# Veneto: te manca un boio



## Dymn

Ciao,

I've just learned there's this expression in Venetian (_te manca un boio)_ which means "you're crazy", and which incidentally also exists in Catalan (_et falta un bull_) and Spanish (_te falta un hervor_). Does it exist in Standard Italian? I think not. Does it exist then in any other Italian language, or Romance language in general? Or is there a gulf between Catalonia and Veneto?   

Grazie


----------



## jazyk

Você tem um parafuso a menos.


----------



## symposium

Hi!
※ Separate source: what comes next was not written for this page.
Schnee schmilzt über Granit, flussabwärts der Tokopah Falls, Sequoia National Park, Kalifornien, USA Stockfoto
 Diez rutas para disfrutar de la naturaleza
Mind that "te manca un bojo" doesn't mean "you're crazy"; it literally means "you need some cooking, you're undercooked" and figuratively "you're immature, you're not very smart, you're stupid". I don't actually think there is a matching phrase in Standard Italian.


----------



## jazyk

Based on the explanation above, my translation into Portuguese isn't correct.


----------



## Dymn

symposium said:


> and figuratively "you're immature, you're not very smart, you're stupid".


I see... so not exactly the same. Let's wait if somebody from another region has heard about this idiom, and with which meaning.


----------



## alfaalfa

Ciao
it doesn't come to my mind any similar expression in the Italian dialects (South and Central Italy) I can understand.


Dymn said:


> is there a gulf between Catalonia and Veneto?


there is one, I guess.   Maybe a tunnel.


----------



## bearded

symposium said:


> I don't actually think there is a matching phrase in Standard Italian.


In my region (Emilia) we say ''ti manca una rotella'' (you lack a cogwheel/a caster). I think it's understood nearly everywhere in Italy.
In English they say ''you are missing some screws''.


----------



## Olaszinhok

bearded said:


> ''ti manca una rotella''


We use  the same expression in my region, I reckon it is Italian… Also _avere una/qualche rotella fuori posto_.
rotella: significato e definizione - Dizionari


----------